3. Yargıtay İçtihadı Birleştirme Büyük Genel Kurulunun, 16.05.1956 tarihli ve 1954/1 Esas, 1956/7 Karar sayılı kararı ile “... Usulü dairesinde istimlak muamelesine tevessül edilmeksizin gayrimenkulü yola kalbedilen şahsın, gayrimenkulünün bedelinin tahsiline ilişkin olarak, gayrimenkulünü yola kalbeden hükmü şahsiyeti aleyhine açacağı bedel davasında müruruzamanın mevzuubahis olamayacağına ve bu itibarla da, hadisede Borçlar Kanunu'nun 66 ncı maddesinin tatbik kabiliyeti bulunmadığına ...” karar verilmiştir.

3. Değerlendirme

1. Bölge adliye mahkemelerinin nihai kararlarının bozulması 6100 sayılı Kanun’un 371 inci maddesi ile 369 uncu maddesinin birinci fıkrasında yer alan sebeplerden birinin varlığı hâlinde mümkündür.

2. Arazi niteliğindeki Muş ili, ... ilçesi, Hasanpaşa köyü, 177 parsel sayılı taşınmaza net gelir metodu uygulanarak değer biçilmesi ve alınan rapor uyarınca bedelinin ve ecrimisilin davalı idareden tahsiline karar verilmesi yerindedir.

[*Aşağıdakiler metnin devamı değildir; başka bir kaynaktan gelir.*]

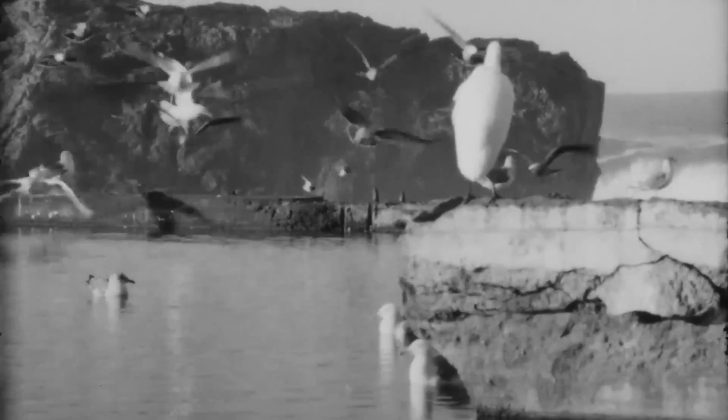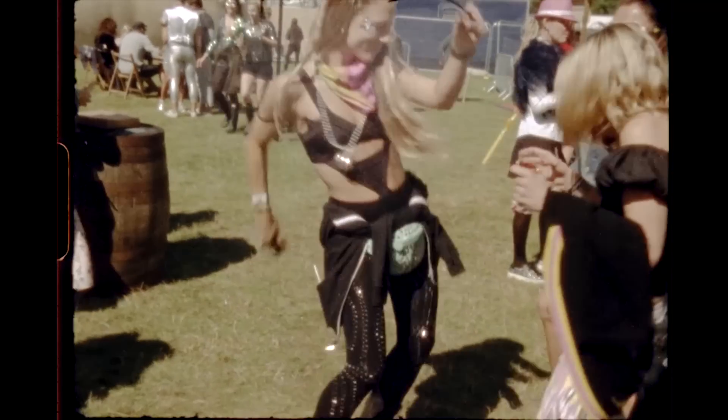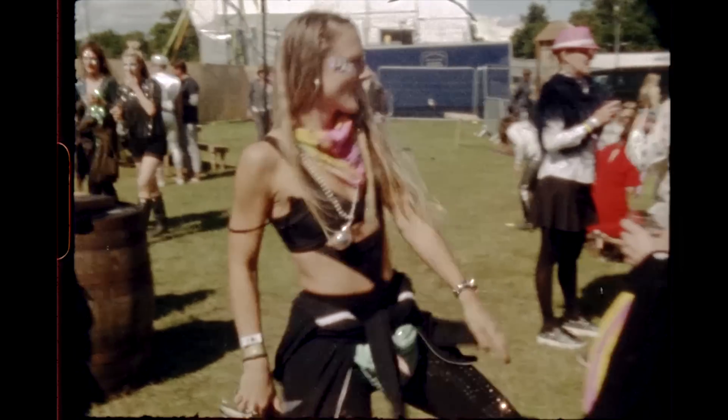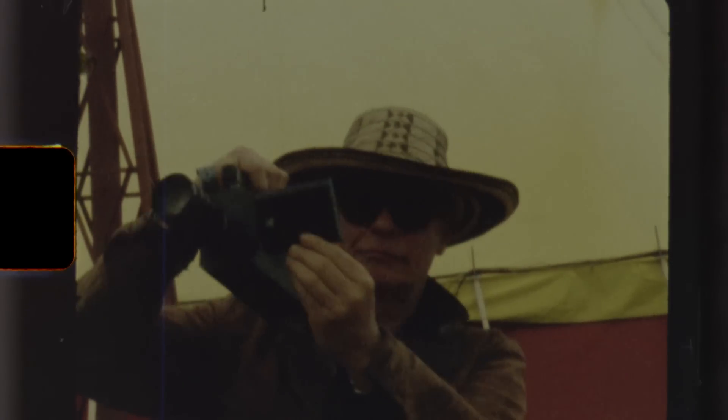This format has been used for over 50 years by filmmakers the world over, and creates a look that cannot be replicated or replaced by a digital camera or filter. Super 8 is a wonderful medium for first time filmmakers and professionals alike. Grab a cartridge, snap it into a camera, and tell us your stories. Share them and use the hashtag KodakSuper8 — we'll be watching, and we can't wait to see what you create.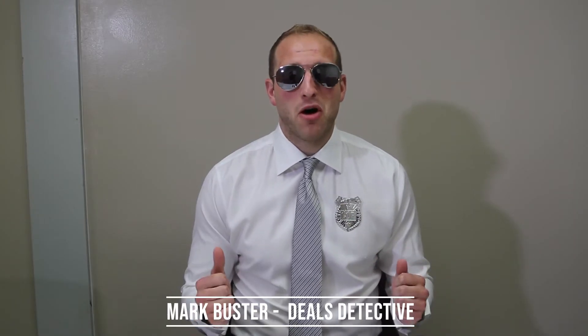All right, everybody. Welcome back. Mark Buster here with some great items for the weekend before 4th of July week. Okay, guys.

3. Temyizen incelenen karar, tarafların karşılıklı iddia ve savunmalarına, dayandıkları belgelere, uyuşmazlığa uygulanması gereken hukuk kuralları ile hukuki ilişkinin nitelendirilmesine, dava şartlarına, yargılama ve ispat kuralları ile kararda belirtilen gerekçelere göre usul ve kanuna uygun olup temyiz dilekçesinde ileri sürülen nedenler kararın bozulmasını gerektirecek nitelikte görülmemiştir.

VI. KARAR

Açıklanan sebeplerle;

Davalı idare vekilinin yerinde görülmeyen tüm temyiz itirazlarının reddi ile usul ve kanuna uygun olan Bölge Adliye Mahkemesi kararının 6100 sayılı Kanun'un 370 inci maddesinin birinci fıkrası uyarınca ONANMASINA,

Davalı idare harçtan muaf olduğundan harç alınmasına yer olmadığına,

Dosyanın İlk Derece Mahkemesine, kararın bir örneğinin Bölge Adliye Mahkemesine gönderilmesine,

23.11.2023 tarihinde oy birliğiyle karar verildi.